A Data Science Central Community
I recently came across a trade-press article with the headline “Mining the Cloud.” The cynic in me immediately issued a silent scoff: How is that different from “crawling the Web”? Are we just mapping old wine to shinier new bottles? Or is there something different here?
But, seeing as how I too like to proliferate discussions of mining this or that information type, I was willing to cut the reporter some slack. The article was from Redmond Developer, and concerns “Project Dallas” under Microsoft’s Azure cloud initiative. Essentially, “Project Dallas” (still in beta) supports discovery, manipulation, visualization, and analysis of data retrieved from multiple public, commercial, and private data sources via the Azure cloud. “Dallas” allows enterprises to provide users (via REST, Excel PowerPivot, and/or Visual Basic applications) with online access to aggregated feeds via Azure, which essentially operates as an online information marketplace. Also, “Dallas” allows customers to have Azure host their data for them, or simply continue to host it on their own premises while the cloud service connects securely to it.
That’s all cool, and the screenshots are compelling, but I don’t see any actual data mining, in the strictest sense of that term. In other words, “Dallas” has one data mining feature—interactive information discovery—in spades, but appears to lack some other essential features, such as clustering, classification, regression, and predictive modeling. It’s not as if Microsoft lacks those technologies.
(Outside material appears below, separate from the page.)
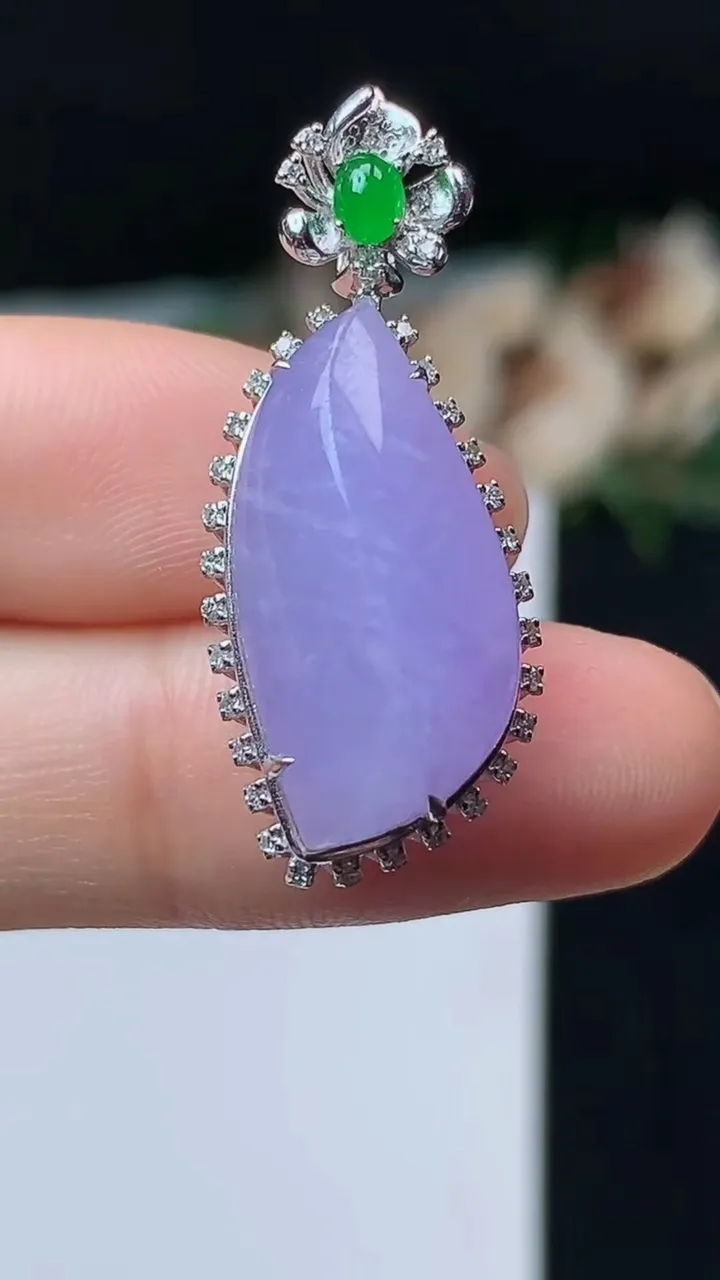 天然A货翡翠紫罗兰随形吊坠，尺寸32.8-13.4-11，裸石21.8-10.8，重量:4.01g
11月1日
After all, the vendor provides decent predictive modeling and data mining through add-ons to SQL Server and Excel, but those features don’t seem to be integrated into this so-called “mining the cloud” service. In a very real sense, this “Dallas” beta is traditional BI in the Azure cloud, with a strong visualization layer. As such, it bodes well for any future plans that Microsoft might develop to make Azure a full-blown BI cloud in its own right.
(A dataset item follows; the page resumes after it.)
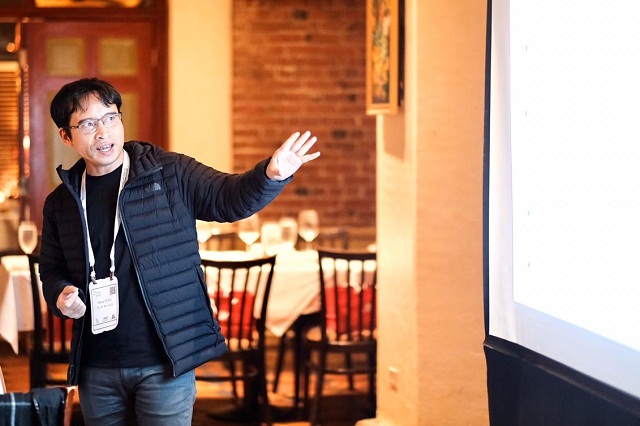 Tiến sĩ Bùi Hải Hưng – Viện trưởng Viện Nghiên cứu Trí Tuệ VinAI Research chia sẻ tại NeurIPS 2019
Rather than quibble anymore on this point, I’d like to call attention to another “Dallas” feature that I find very interesting. “Dallas” incorporates an information syndication and licensing model, which frees users from having to separately set up and manage diverse subscriptions. Though you might say, “so what, that’s a standard component of any online content aggregation service,” I’d argue that that’s at the heart of any future service that promises to let you “mine the cloud” (however you define “mine,” but with specific emphasis on public clouds and federated public/private clouds). Considering that a cloud is a highly distributed information environment, and that many public clouds will federate with and among private enterprise clouds, it’s absolutely essential to have federated content syndication and licensing. Essentially, federation provides a web of trust to ensure that you’re only given access to data sets for which you have permissions, and that you’re prevented from accessing any that you’re not allowed to (perhaps because you didn’t pay or because you don’t have valid credentials).
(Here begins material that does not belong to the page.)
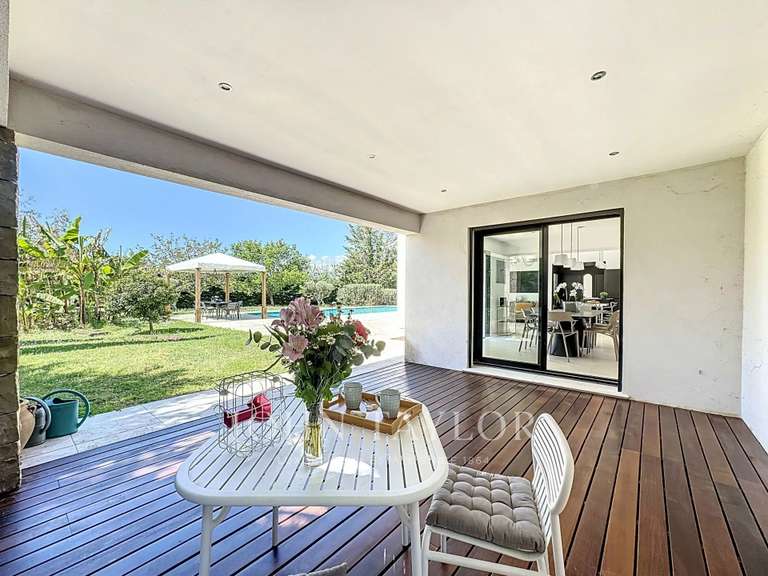 Maison Roquefort-les-Pins - 6 chambres - 224m²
That, of course, also points to the need for federated identity, authorization, digital rights management, and permissioning among content clouds. In a Microsoft context, I would expect to see them leverage their federated identity technologies, especially CardSpace, WS-Federation, and Identity Metasystem, in any federated cloud content permissioning environment. In a broader industry context, I would expect a role for such federation standards as SAML. Inasmuch as more and more clouds will involve peer-to-peer information provisioning through social networks and RSS feeds, I’d expect to see a role for user-centric federation standards such as OpenID. And, just to complete this thought, I’d expect to see all of this converged with BI-oriented data federation approaches, perhaps leveraging RDF-based ontology/taxonomy specifications for semantic interoperability.
But I’m not seeing that, at least not in Microsoft’s “Project Dallas,” nor, to be honest, in any industry initiatives aimed at making clouds a truly standards-based federated information environment. In terms of “mining” clouds, there are, of course, the Hadoop and MapReduce communities, who have developed a powerful framework for doing predictive analytics against complex, distributed information sources. I don’t see any clear commitment by Microsoft yet toward incorporating these technologies into Azure generally, or “Dallas” specifically.
I expect that Microsoft and others will evolve toward this comprehensive vision over time, but it’s not obvious right now. At least not based on what I’ve seen and heard.